For this task, output every entry below exactly and omit the pictures.

========================================================================

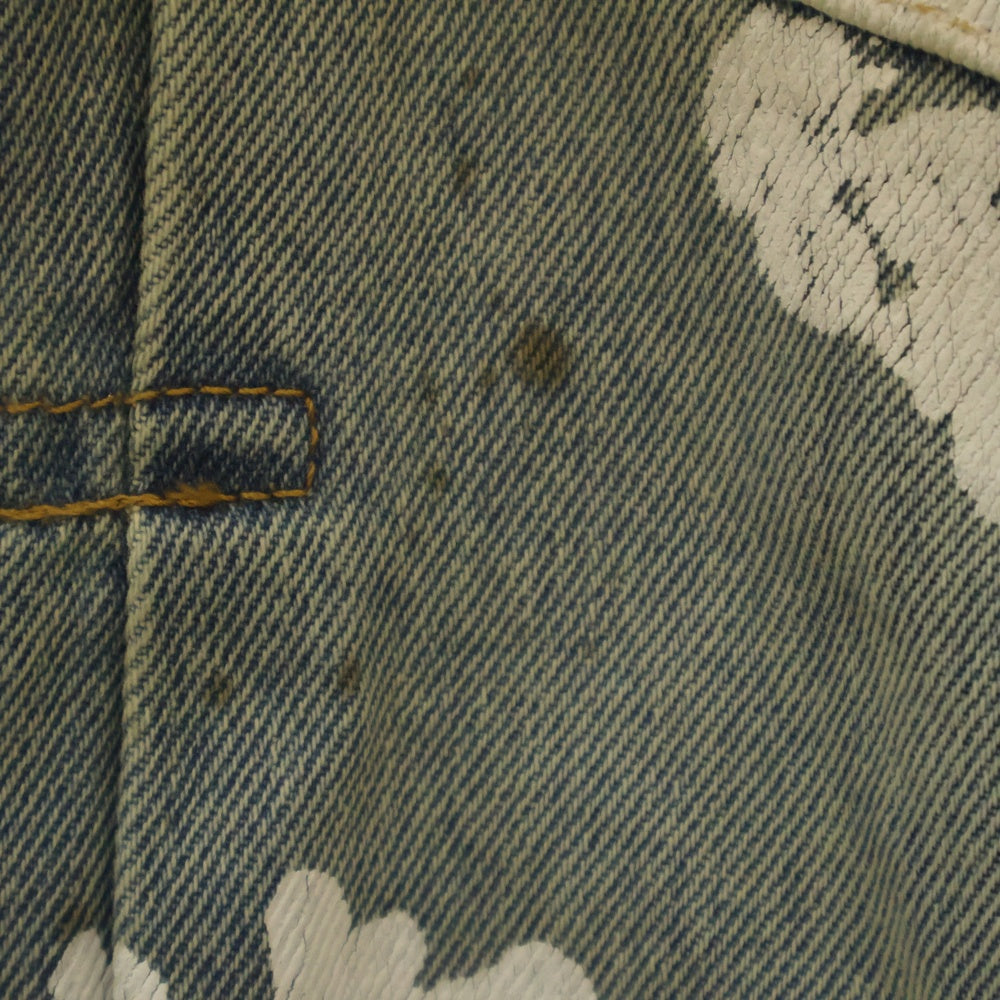 Levi's(リーバイス) ×DENIMTEARS TYPE2nd デニムティアーズ プリント セカンドトラッカー デニムジャケット インディゴ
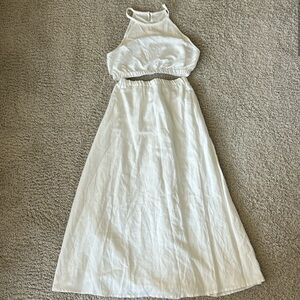 White, Petal & Pup Skirt Set, size small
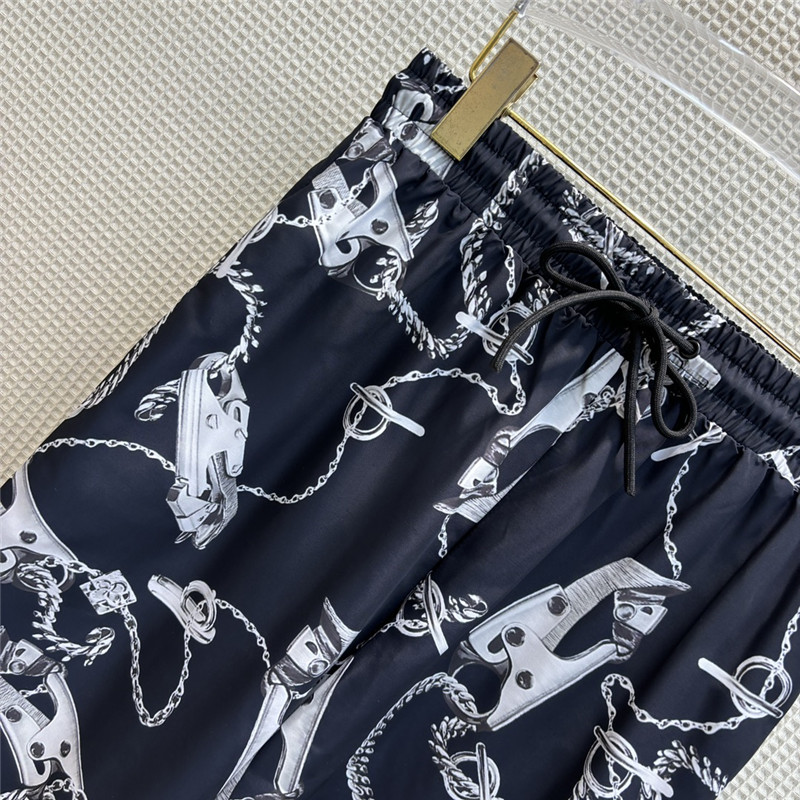 Burberry printed pattern wide-leg pants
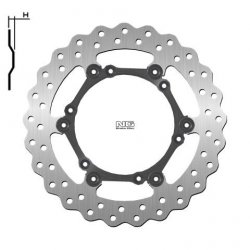 NG TARCZA HAMULCOWA PRZÓD KTM EXC 125/200/400/525/625 90-17 (260X-X3MM) (6,6,5MM) WAVE PŁYWAJĄCA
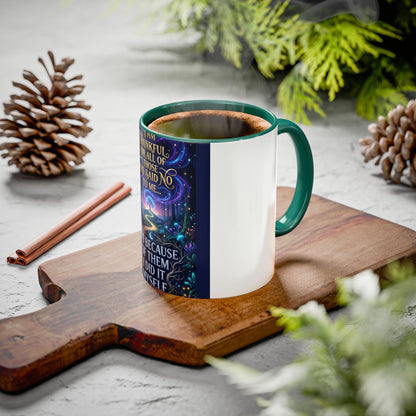 Inspirational Quote Mug — "I Am Thankful For All Of Those Who Said No To Me..." (11oz/15oz)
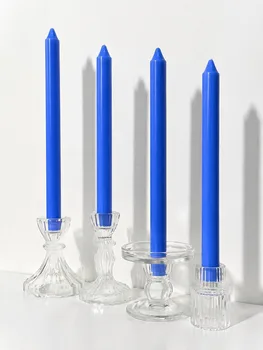 Set blauer Duftkerzen, kein schwarzer Rauch, aus Sojawachs, brennt bis zu 5 Stunden, geeignet für Hochzeiten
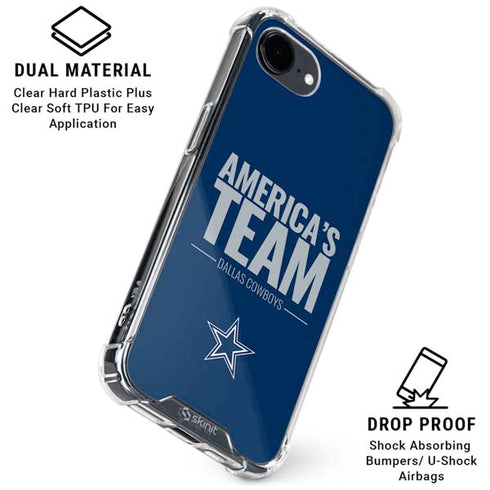 NFL Dallas Cowboys Team Motto iPhone 16e Clear Case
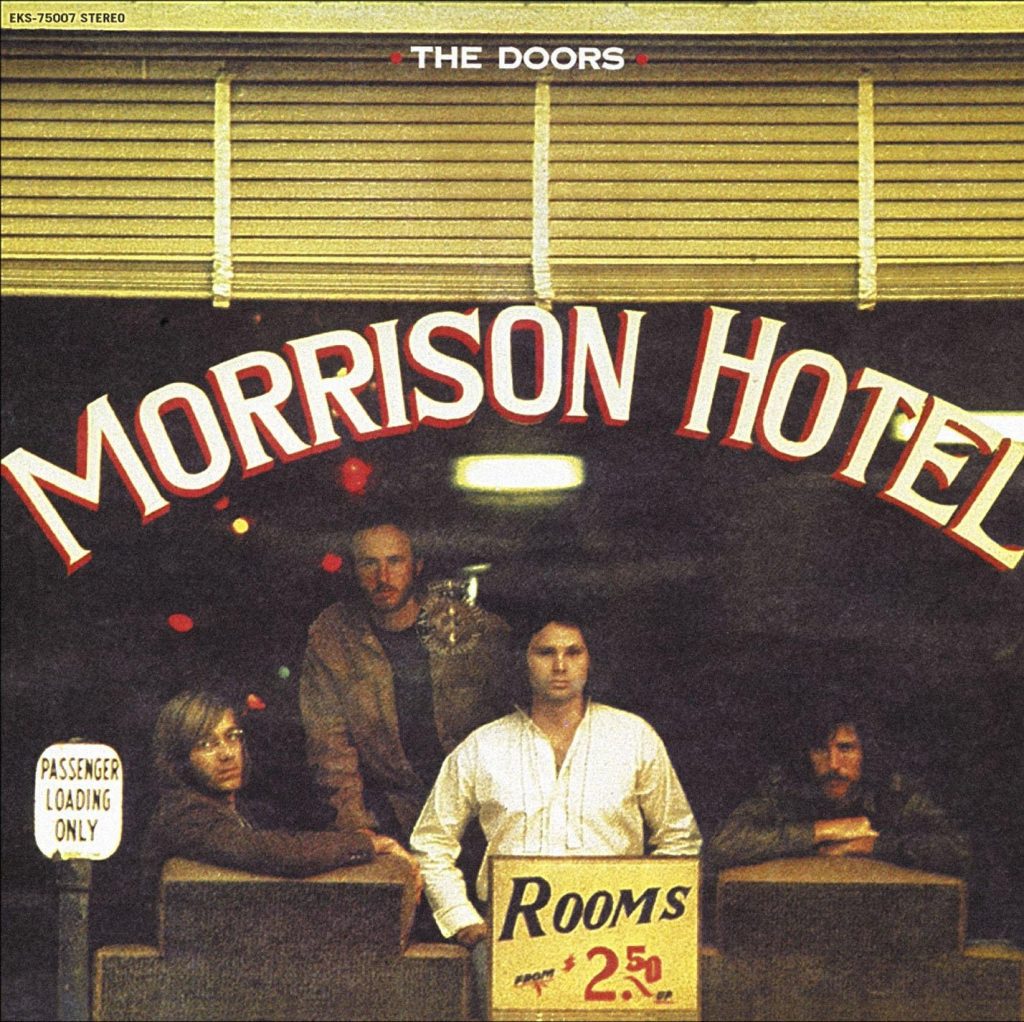 Vinyl cover of Morrison Hotel featuring the doors roadhouse blues.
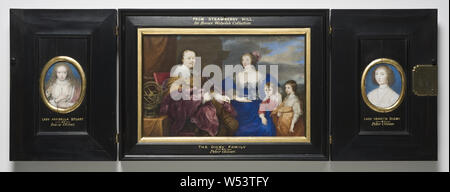 Peter Oliver, Venetia et Kenelm Digby Anastasia, Digby DIGBY Digby, la famille (famille Kenelm DIGBY Digby, Venetia et les fils Kenelm et John, peinture, Tempera sur parchemin, hauteur, 16,8 cm (6,6 po), largeur, 25,5 cm (10 pouces), signé, Inuenit Eq (EUE) Van Dyck Imitatus est PO, dans le coin supérieur droit de l'or Banque D'Images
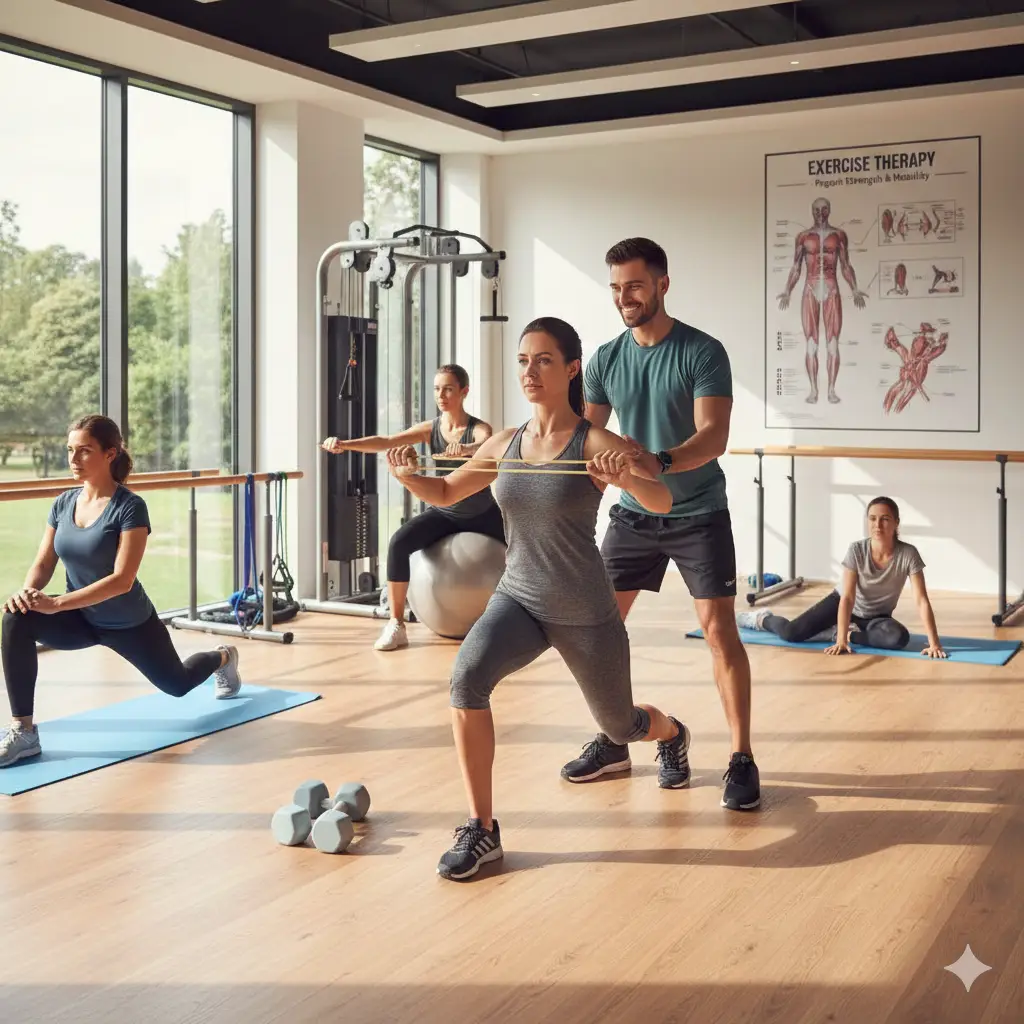 This is a picture of excercise therapy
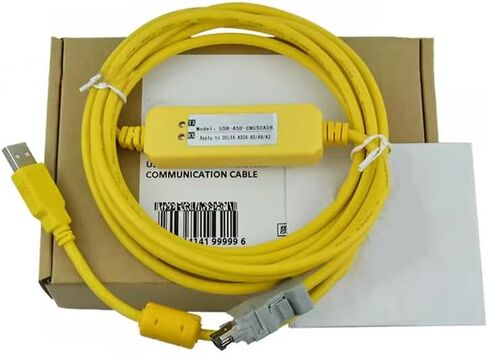 USB-ASD-CNUS0A08 for Programming Data Download Cable ASDA-B2/AB Servo Drive Economy Model Yellow 3m in Saudi Arabia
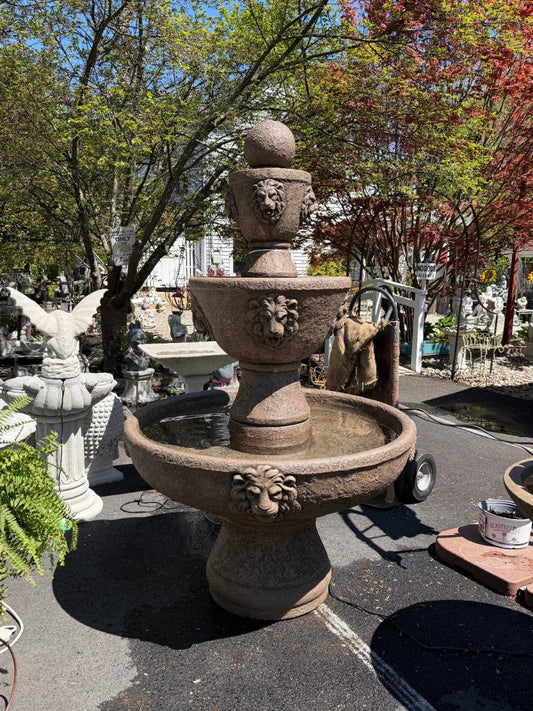 79” Lion Head Fountain (Three Tier) - CBSD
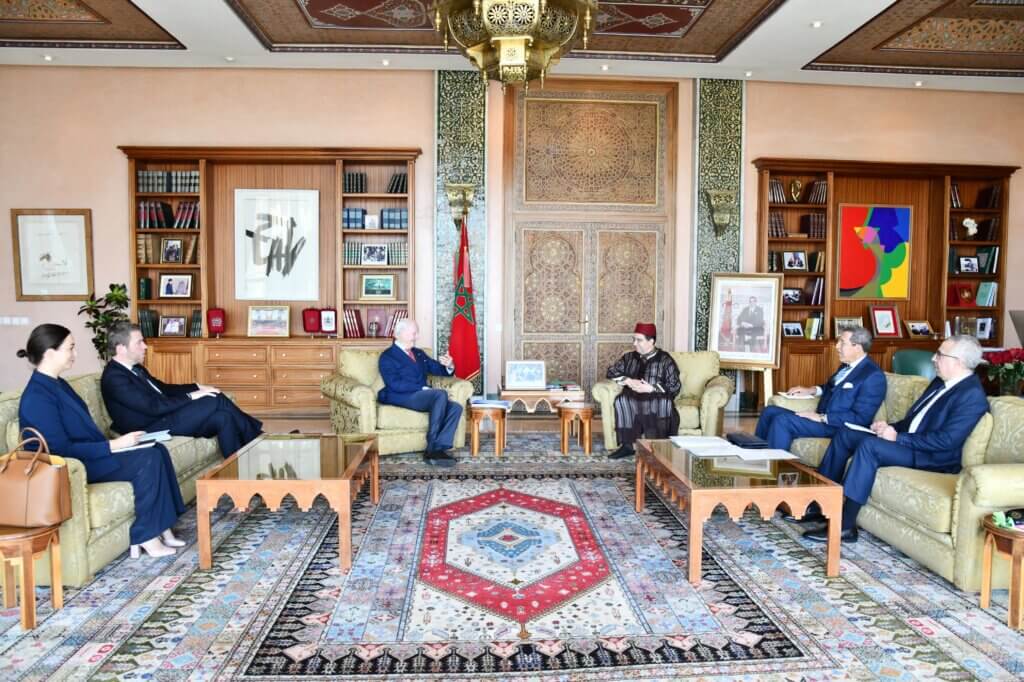 Coopération : Entretiens entre SEM Nasser BOURITA et l’envoyé du Secrétaire Général de l’ONU pour le Sahara marocain, M. Staffan De MISTURA concernant le Sahara marocain à Rabat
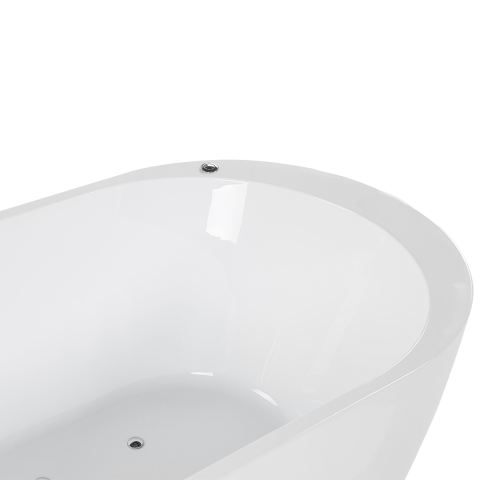 Cadă freestanding cu hidromasaj și LED NEVIS 170 x 80 cm Alb [7]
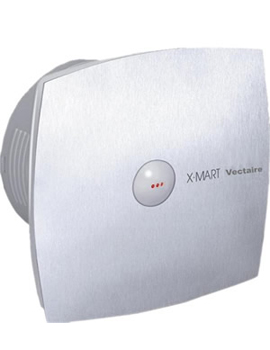 Vectaire X-Mart Auto Front Grille Opening Extractor Fan 10cm in Stainless Steel  By Vectaire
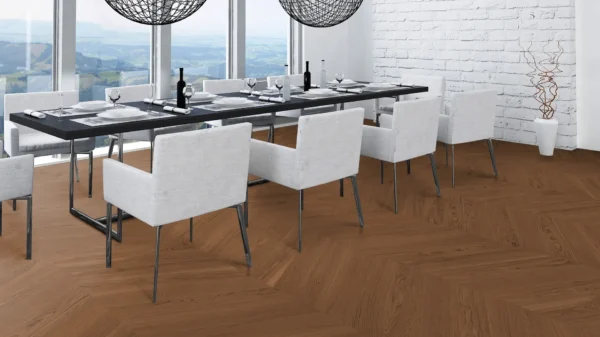 Weitzer Parkett Stab 750 Eiche Amber ruhig Französisch Fischgrät 60° ProVital finish (geölt) – Bild 6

========================================================================

[Answer to the exercise]
 Levi's(リーバイス) ×DENIMTEARS TYPE2nd デニムティアーズ プリント セカンドトラッカー デニムジャケット インディゴ
 White, Petal & Pup Skirt Set, size small
 Burberry printed pattern wide-leg pants
 NG TARCZA HAMULCOWA PRZÓD KTM EXC 125/200/400/525/625 90-17 (260X-X3MM) (6,6,5MM) WAVE PŁYWAJĄCA
 Inspirational Quote Mug — "I Am Thankful For All Of Those Who Said No To Me..." (11oz/15oz)
 Set blauer Duftkerzen, kein schwarzer Rauch, aus Sojawachs, brennt bis zu 5 Stunden, geeignet für Hochzeiten
 NFL Dallas Cowboys Team Motto iPhone 16e Clear Case
 Vinyl cover of Morrison Hotel featuring the doors roadhouse blues.
 Peter Oliver, Venetia et Kenelm Digby Anastasia, Digby DIGBY Digby, la famille (famille Kenelm DIGBY Digby, Venetia et les fils Kenelm et John, peinture, Tempera sur parchemin, hauteur, 16,8 cm (6,6 po), largeur, 25,5 cm (10 pouces), signé, Inuenit Eq (EUE) Van Dyck Imitatus est PO, dans le coin supérieur droit de l'or Banque D'Images
 This is a picture of excercise therapy
 USB-ASD-CNUS0A08 for Programming Data Download Cable ASDA-B2/AB Servo Drive Economy Model Yellow 3m in Saudi Arabia
 79” Lion Head Fountain (Three Tier) - CBSD
 Coopération : Entretiens entre SEM Nasser BOURITA et l’envoyé du Secrétaire Général de l’ONU pour le Sahara marocain, M. Staffan De MISTURA concernant le Sahara marocain à Rabat
 Cadă freestanding cu hidromasaj și LED NEVIS 170 x 80 cm Alb [7]
 Vectaire X-Mart Auto Front Grille Opening Extractor Fan 10cm in Stainless Steel  By Vectaire
 Weitzer Parkett Stab 750 Eiche Amber ruhig Französisch Fischgrät 60° ProVital finish (geölt) – Bild 6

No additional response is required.